Baseball’s
awards link the past season to all the others.
Cy Young, MVP, Rookie of the Year means both an honor and inclusion on a
list for future reference.
Yesterday,
Kris Bryant of the Cubs was named NL Rookie of the Year; he is the sixth Cub so
honored, joining Billy Williams, Ken Hubbs, Jerome Walton, Kerry Wood and
Geovany Soto. One of those six, Williams
made the Hall of Fame, and another, Hubbs, had his life cut short at the age of
22 in a plane crash. Wood was bedeviled
by pitching injuries; Walton was a one-year wonder; and Soto quickly became a
journeyman catcher. So, you never know.
But
in that first year, it just feels right, for player and fan alike. If Bryant hit 26 homers this year, why not
double that next year? Forget Joe Charboneau. Ron Kittle of the White Sox won AL Rookie of
the Year in 1983 after hitting 35 home runs, all of which seemed to go over the
roof at Comiskey Park and driving in 100 runs.

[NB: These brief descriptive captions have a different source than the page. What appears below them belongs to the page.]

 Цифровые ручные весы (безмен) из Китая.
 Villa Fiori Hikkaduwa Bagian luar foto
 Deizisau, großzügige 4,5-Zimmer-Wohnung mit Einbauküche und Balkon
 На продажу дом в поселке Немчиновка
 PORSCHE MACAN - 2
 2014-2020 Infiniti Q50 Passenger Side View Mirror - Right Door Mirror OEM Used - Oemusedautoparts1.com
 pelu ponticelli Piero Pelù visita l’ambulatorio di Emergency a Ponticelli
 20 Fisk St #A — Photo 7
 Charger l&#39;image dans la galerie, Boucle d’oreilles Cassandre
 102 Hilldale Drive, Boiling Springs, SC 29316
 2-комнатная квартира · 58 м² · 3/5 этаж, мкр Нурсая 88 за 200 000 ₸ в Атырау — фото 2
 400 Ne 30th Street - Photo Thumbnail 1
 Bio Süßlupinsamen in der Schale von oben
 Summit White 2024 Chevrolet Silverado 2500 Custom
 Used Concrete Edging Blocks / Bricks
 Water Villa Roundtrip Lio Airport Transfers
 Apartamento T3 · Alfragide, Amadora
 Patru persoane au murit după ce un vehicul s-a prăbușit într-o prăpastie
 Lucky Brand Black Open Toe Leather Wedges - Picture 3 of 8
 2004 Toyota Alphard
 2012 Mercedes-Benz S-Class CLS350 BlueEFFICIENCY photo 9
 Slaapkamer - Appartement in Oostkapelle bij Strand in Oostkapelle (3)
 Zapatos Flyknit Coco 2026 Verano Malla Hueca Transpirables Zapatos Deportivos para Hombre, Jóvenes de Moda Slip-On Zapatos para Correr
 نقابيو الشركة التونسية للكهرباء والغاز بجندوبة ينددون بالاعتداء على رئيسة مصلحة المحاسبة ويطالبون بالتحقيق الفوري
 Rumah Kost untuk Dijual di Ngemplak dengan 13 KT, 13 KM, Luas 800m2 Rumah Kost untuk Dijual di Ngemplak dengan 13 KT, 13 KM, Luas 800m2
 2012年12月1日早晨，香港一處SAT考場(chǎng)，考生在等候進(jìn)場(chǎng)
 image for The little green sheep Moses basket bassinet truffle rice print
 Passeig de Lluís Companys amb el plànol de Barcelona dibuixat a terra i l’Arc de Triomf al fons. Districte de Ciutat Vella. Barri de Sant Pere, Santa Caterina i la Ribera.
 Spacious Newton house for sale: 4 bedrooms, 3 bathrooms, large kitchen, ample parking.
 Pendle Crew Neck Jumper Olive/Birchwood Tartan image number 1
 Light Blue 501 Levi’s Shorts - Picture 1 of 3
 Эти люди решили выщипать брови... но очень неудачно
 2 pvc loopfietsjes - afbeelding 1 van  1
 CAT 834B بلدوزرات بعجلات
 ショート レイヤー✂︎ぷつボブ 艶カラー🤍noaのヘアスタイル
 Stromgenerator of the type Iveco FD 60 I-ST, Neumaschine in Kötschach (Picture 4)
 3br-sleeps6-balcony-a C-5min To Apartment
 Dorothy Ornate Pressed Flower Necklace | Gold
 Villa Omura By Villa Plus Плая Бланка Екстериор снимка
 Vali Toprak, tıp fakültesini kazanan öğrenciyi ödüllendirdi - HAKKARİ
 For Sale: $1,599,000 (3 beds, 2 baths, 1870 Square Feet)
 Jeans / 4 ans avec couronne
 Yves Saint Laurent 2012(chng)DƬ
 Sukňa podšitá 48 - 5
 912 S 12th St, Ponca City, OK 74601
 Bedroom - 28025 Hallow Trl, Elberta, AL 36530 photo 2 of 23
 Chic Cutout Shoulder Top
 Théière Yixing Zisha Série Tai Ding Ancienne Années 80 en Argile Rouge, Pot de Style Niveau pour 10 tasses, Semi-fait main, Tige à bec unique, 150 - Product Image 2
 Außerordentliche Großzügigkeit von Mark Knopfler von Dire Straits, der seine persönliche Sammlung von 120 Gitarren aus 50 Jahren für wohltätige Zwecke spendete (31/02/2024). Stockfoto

You just knew he would go on hitting and hitting, but he didn’t. Like the Cubs, the White Sox have had six
Rookies of the Year: Kittle; Luis Aparicio; Gary Peters; Tommy Agee; Ozzie
Guillen; and Jose Abreu; one of them, Aparicio, is in the Hall of Fame. This year, Abreu became only the second
player ever to start off his career with back-to-back seasons of 30-plus homers
and 100-plus rbi’s. Maybe that will
transfer into a Hall-of-Fame career. You
never know. Maybe it’s not one but two
out of six Chicago Rookies of the Year who make Cooperstown.
After all, it’s
November, when baseball hopes spring eternal.